Le 24 novembre, le Premier ministre annonçait devant l’Assemblée nationale qu’il saisirait le Conseil constitutionnel afin qu’il statue sur l’article 24 de la proposition de loi « sécurité globale ». Ce recours illustre la volonté du gouvernement de renforcer la valeur juridique de ce texte : un jeu à double tranchant. 

« Ce texte est excellent », décla­rait Jean Cas­tex au sujet de la pro­po­si­tion de loi dite « sécu­ri­té glo­bale » dont l’ar­ticle 24 punit la dif­fu­sion d’images ou de vidéos mal­veillantes de forces de l’ordre. Néan­moins, après son adop­tion par le Sénat, le Pre­mier ministre le sou­met­tra quand même à l’avis du Conseil consti­tu­tion­nel. Le loca­taire de Mati­gnon sou­haite qu’il « ne sub­siste aucun doute » quant à sa volon­té « d’assurer l’indispensable pro­tec­tion des forces de sécu­ri­té ».

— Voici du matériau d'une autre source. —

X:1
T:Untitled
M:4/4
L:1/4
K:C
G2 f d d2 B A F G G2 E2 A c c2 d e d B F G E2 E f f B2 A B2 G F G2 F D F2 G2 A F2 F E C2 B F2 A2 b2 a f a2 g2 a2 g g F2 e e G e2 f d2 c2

Bien que cette inten­tion soit louable, elle n’est pas altruiste. Le Conseil consti­tu­tion­nel s’assure que les lois soient conformes à la Consti­tu­tion. En d’autres termes, il véri­fie­ra que l’article 24 ne viole pas les droits fon­da­men­taux, notam­ment des journalistes.

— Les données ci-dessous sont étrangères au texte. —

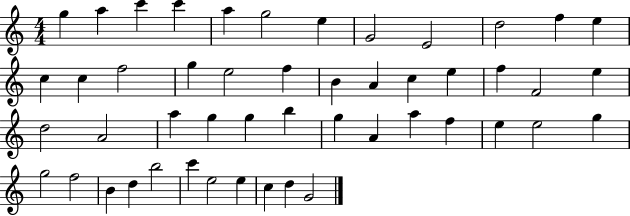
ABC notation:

X:1
T:Untitled
M:4/4
L:1/4
K:C
g a c' c' a g2 e G2 E2 d2 f e c c f2 g e2 f B A c e f F2 e d2 A2 a g g b g A a f e e2 g g2 f2 B d b2 c' e2 e c d G2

Castex coupe l’herbe sous les pieds de ses détracteurs

Après cette sai­sine, soit l’article 24 est cen­su­ré et n’entre pas en vigueur, soit il est décla­ré conforme aux prin­cipes consti­tu­tion­nels. Il sera alors appli­qué et ne pour­ra faire l’objet d’une ques­tion prio­ri­taire de consti­tu­tion­na­li­té. La QPC per­met à tout jus­ti­ciable de deman­der au Conseil consti­tu­tion­nel si, dans le cadre d’un litige le concer­nant, telle ou telle loi ne trans­gresse pas la Consti­tu­tion. Mais pour cela, il faut que le texte atta­qué n’ait jamais été jugé conforme à celle-ci. Concrè­te­ment, cela signi­fie que les sages de la rue de Mont­pen­sier ne pour­rait pas abro­ger l’ar­ticle 24 si, par exemple, des jour­na­listes incri­mi­nés sou­hai­taient le contester.

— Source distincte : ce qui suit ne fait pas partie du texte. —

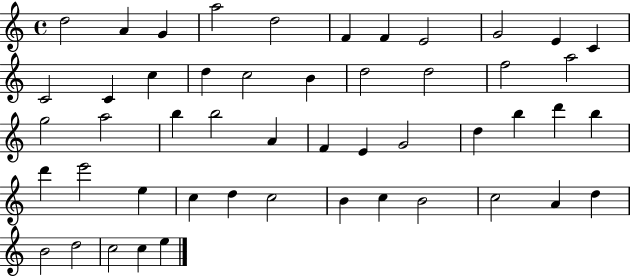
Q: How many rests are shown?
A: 0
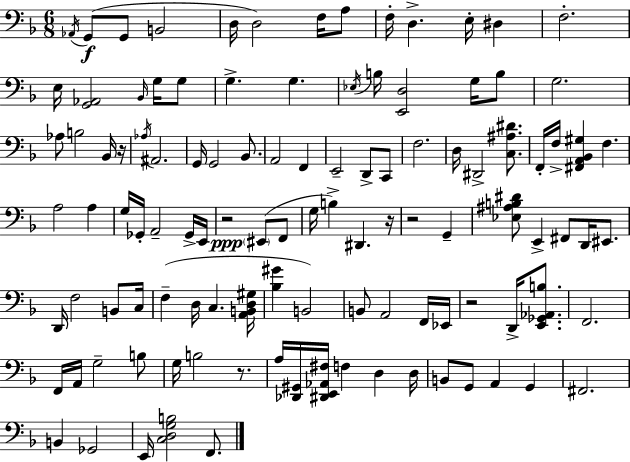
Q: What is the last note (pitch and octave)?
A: F2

Le gouvernement sur une ligne de crête

Homme prag­ma­tique, le Pre­mier ministre a conscience que cet article 24 sera exa­mi­né par le Conseil consti­tu­tion­nel, soit avant sa pro­mul­ga­tion, soit après, dans le cadre d’une QPC. Par consé­quent, au lieu de lais­ser cet exa­men au hasard des évé­ne­ments qui pour­raient sur­ve­nir après son entrée vigueur, Jean Cas­tex pré­fère agir en amont.

Néan­moins, cette stra­té­gie com­porte un risque vital pour l’article 24 de la loi dite « sécu­ri­té glo­bale ». C’est celui d’une cen­sure nette et sans conces­sion du Conseil consti­tu­tion­nel. La der­nière fois qu’un membre de l’exécutif agis­sait de la sorte, c’était Emma­nuel Macron. L’an der­nier, le pré­sident de la Répu­blique avait sou­mis l’article 3 de la loi « anti-cas­seurs » à l’avis de la juri­dic­tion suprême. Cet article visait cer­taines per­sonnes déjà connues des ser­vices de police. Il sou­met­tait leur droit de mani­fes­ter à des auto­ri­sa­tions admi­nis­tra­tives. Contro­ver­sé, les Sages du Palais-Royal le retoquèrent.

Déjà, des figures de l’opposition — comme Jean-Luc Mélen­chon — accusent le gou­ver­ne­ment d’instaurer un « régime auto­ri­taire ». Un second refus du Conseil consti­tu­tion­nel don­ne­rait l’image d’un exé­cu­tif peu sou­cieux des droits fon­da­men­taux, et ce à 18 mois de la pré­si­den­tielle. Si une telle bévue se pro­dui­sait, cela affai­bli­rait le chef de l’E­tat et ren­for­ce­rait ses adversaires.